**Your instructions:** Report each line of the records where "with" occurs.

*** Opening Entries shown ***

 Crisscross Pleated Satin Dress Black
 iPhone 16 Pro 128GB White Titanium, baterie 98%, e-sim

*** Closing Entries shown ***
*** Opening Entries shown ***

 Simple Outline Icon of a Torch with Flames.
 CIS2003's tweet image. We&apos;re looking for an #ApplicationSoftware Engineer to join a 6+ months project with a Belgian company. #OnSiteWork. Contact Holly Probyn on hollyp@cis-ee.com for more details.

*** Closing Entries shown ***
*** Opening Entries shown ***

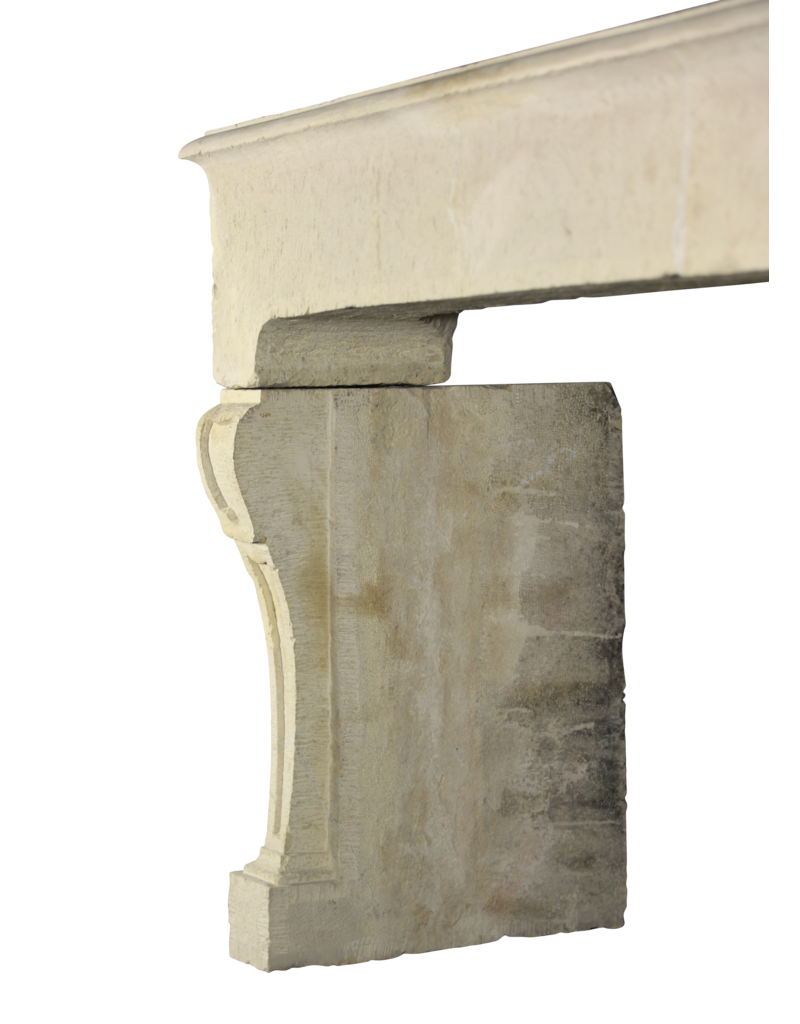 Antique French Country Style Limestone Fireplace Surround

*** Closing Entries shown ***

**Exercise result:**
 Simple Outline Icon of a Torch with Flames.
 CIS2003's tweet image. We&apos;re looking for an #ApplicationSoftware Engineer to join a 6+ months project with a Belgian company. #OnSiteWork. Contact Holly Probyn on hollyp@cis-ee.com for more details.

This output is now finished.